The World Cup 2006 is on, and how! Jome Kulpi !

Yesterday history of sorts was made when Vikash Dhorasoo of France became the first player of Indian origin to play in the finals. And he almost got France the winner.
Well, Dhorasoo may be the only Indian in fray, but there are a lot of Bongs in action. Firstly, there is another French player, Louis Saha, related to Meghnad.
The absence of Denmark means that the hordes of Badyis are missing out this time. However, a few players from the famous Sen family are playing, like Jan Sen of Germany and Ol Sen of USA.
England's goalkeeper, however, spells his name SON instead of Sen, but he was Robin Sen to begin with.
Lot of Bongs are playing under nick-names, especially for African teams. Togo's goalkeeper is Kossi Agassa, which in Chittagongese means fledgling weed. Another African nation, Ghana, has our own Sri Shiladitya, who has Africanised his name to Illiasu Shilla. Ghana also has Gyan. Then there is Kali playing for Angola. I remember 35 years ago a midfielder called Kali Babu Sharma playing for the big clubs in Calcutta - Angola's Kali must be a relative. Then Ivory Coast has Boka, whose full name need not be mentioned, but the second part starts with 'C' and ends with 'a'. Kalou of Ivory Coast hails from Phuliya. Ivory Coast also has Bakary Kone, who once lived in the corner of Lord's bakary.
European teams have their Bongs, too. That small boy is playing for Germany, in fact he is the captain. Balak is his name, now Germanised to Ballack. Then there is that super strong player for Croatia, Balaban.
Then there is Manish Ray of Portugal, now called Maniche Rai. Spain has a Bong who is very lazy and never hits the ball - Marchena.
Some Bong players are using their family names.
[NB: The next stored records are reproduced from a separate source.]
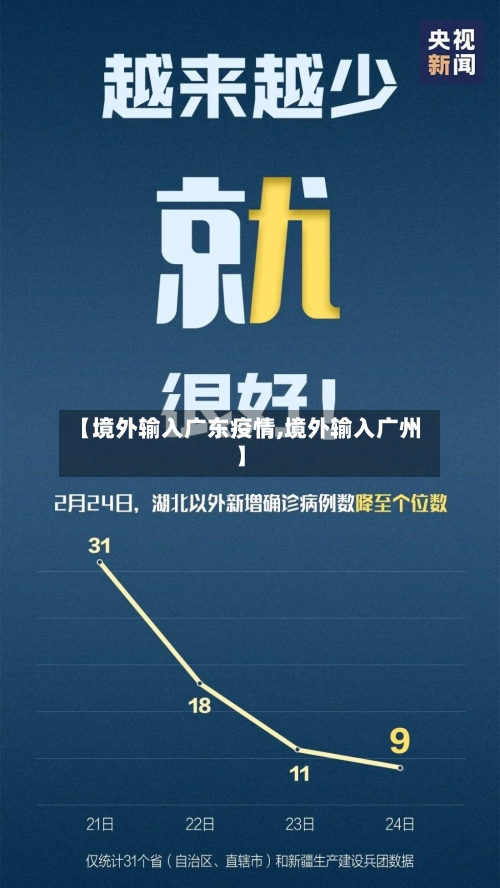 【境外输入广东疫情,境外输入广州】-第2张图片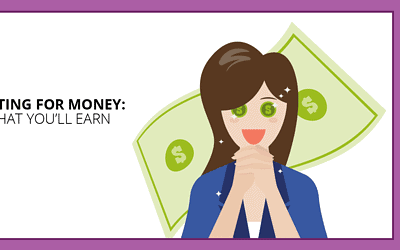Writing for Money? Here’s What You’ll Earn in 2019 [Audio]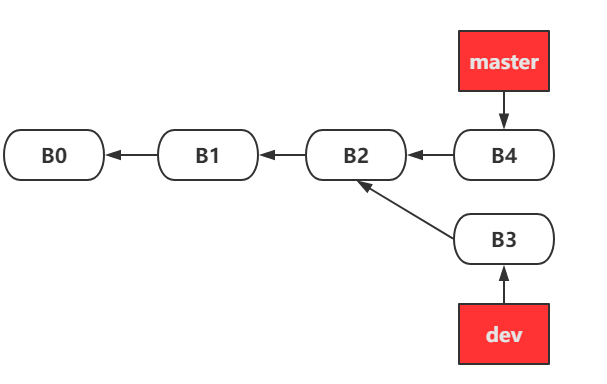 git merge命令应用的三种情景 - 图5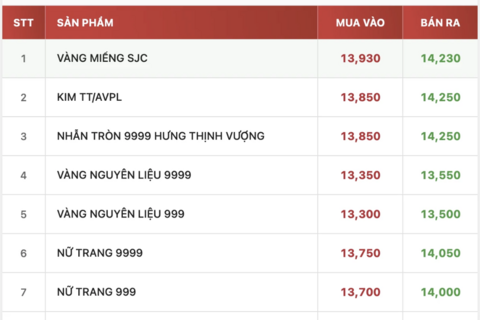 <a href="/chuyen-dong-kinh-te" title="Chuyển động kinh tế" rel="dofollow">Chuyển động kinh tế</a>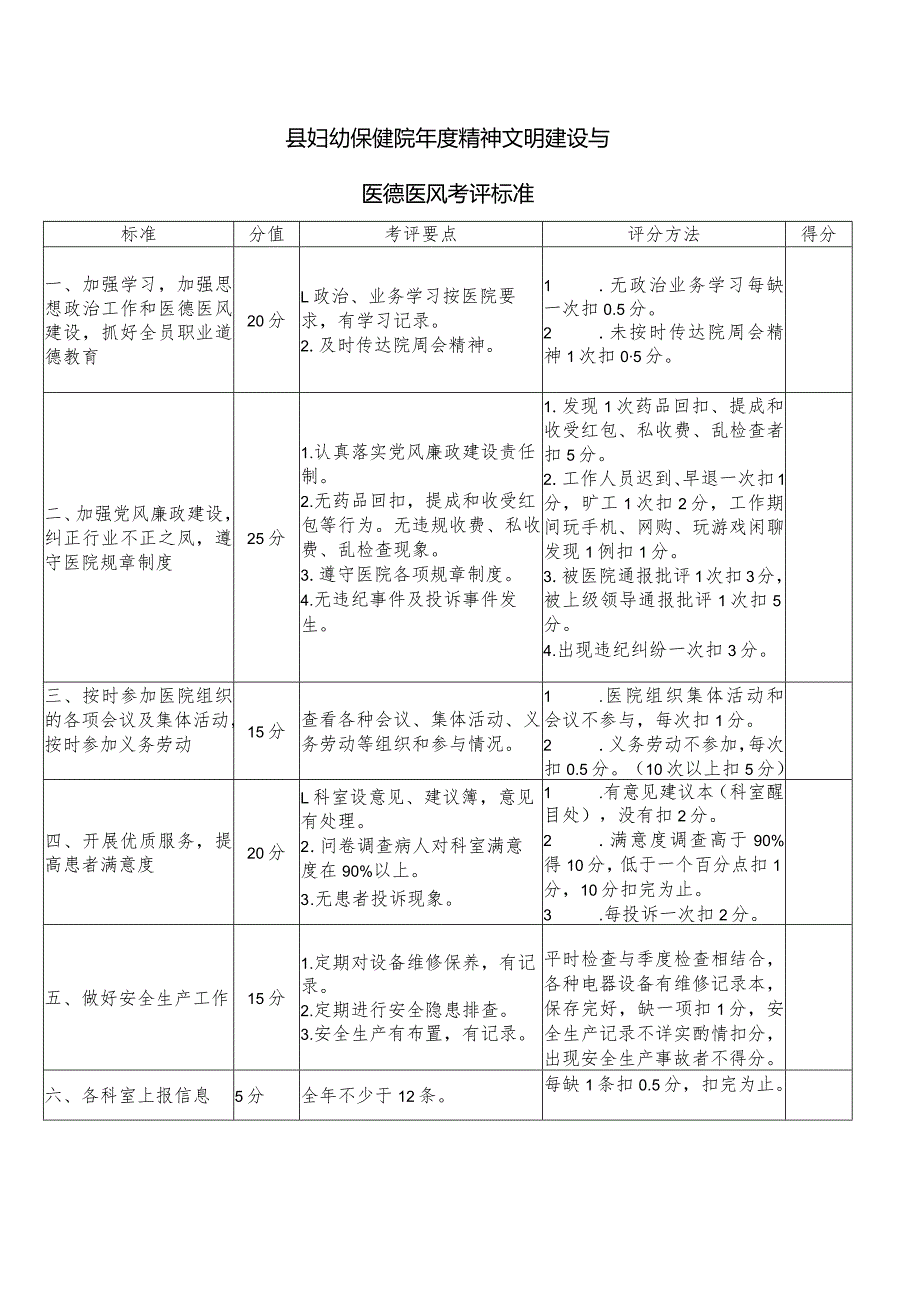 县妇幼保健院年度精神文明建设与医德医风考评标准.docx_第1页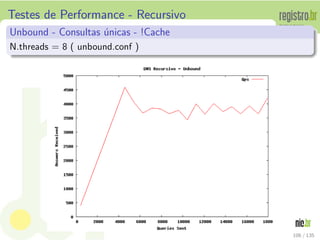 Testes de Performance - Recursivo
Unbound - Consultas ´unicas - !Cache
N.threads = 8 ( unbound.conf )
106 / 135
 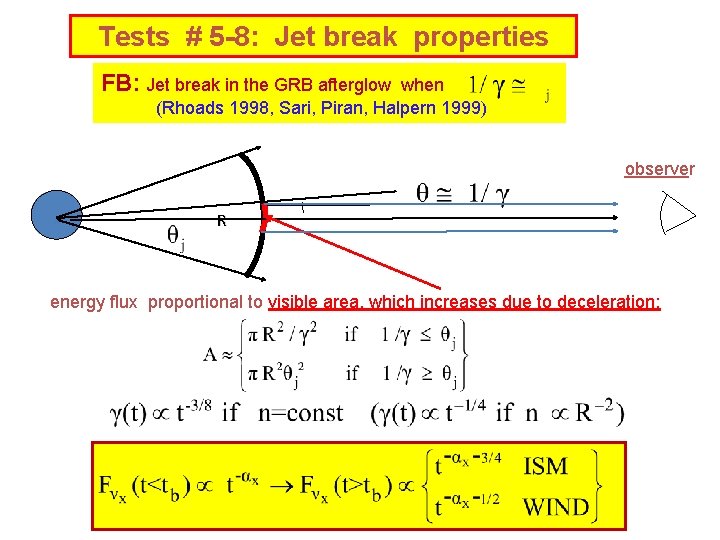 Tests # 5 -8: Jet break properties FB: Jet break in the GRB afterglow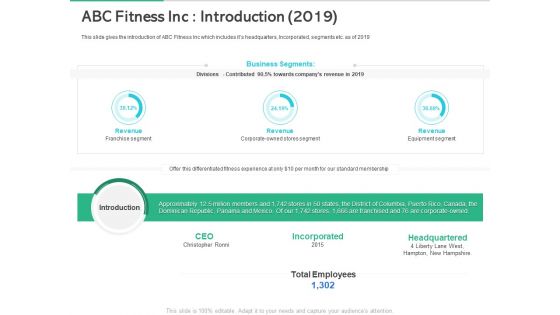 Market Overview Fitness Industry Abc Fitness Inc Introduction 2019 Microsoft PDF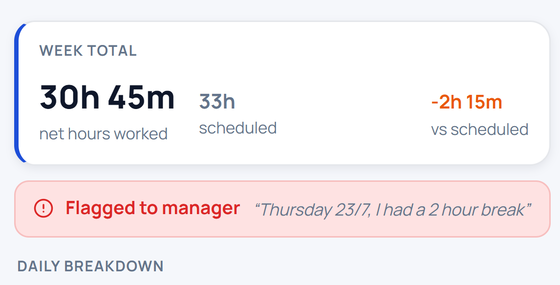 The flag on the week total, marked Flagged to manager.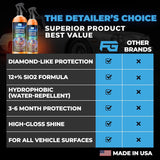 Diamond Defense Ceramic Coating (8oz)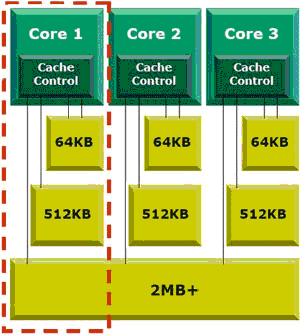 Esquema de caché en procesadores AMD Esquema de caché en procesadores AMD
Dear Kaka scored a great goal for Brazil yesterday.
Brazil's goalie is Dida, obviously breaking the gender bias (and the age barrier). Brazil of course broke this gender bias long ago, when they fielded Didi in the 50s and early 60s. That player has now retired from football and returned to Bengal as a political leader.
Aruna Kone and Aruna Dindane are two Ivorians who have also triumphed over gender bias.
Then Togo has a strange player who is also using a family name, or two, to be exact. These are Mashi and Mesho, and the player is very, very fit or 'changa'.
The name has been Africanised to Massamesso Tchangai - an 'Ordho-Narishwar' sort of player.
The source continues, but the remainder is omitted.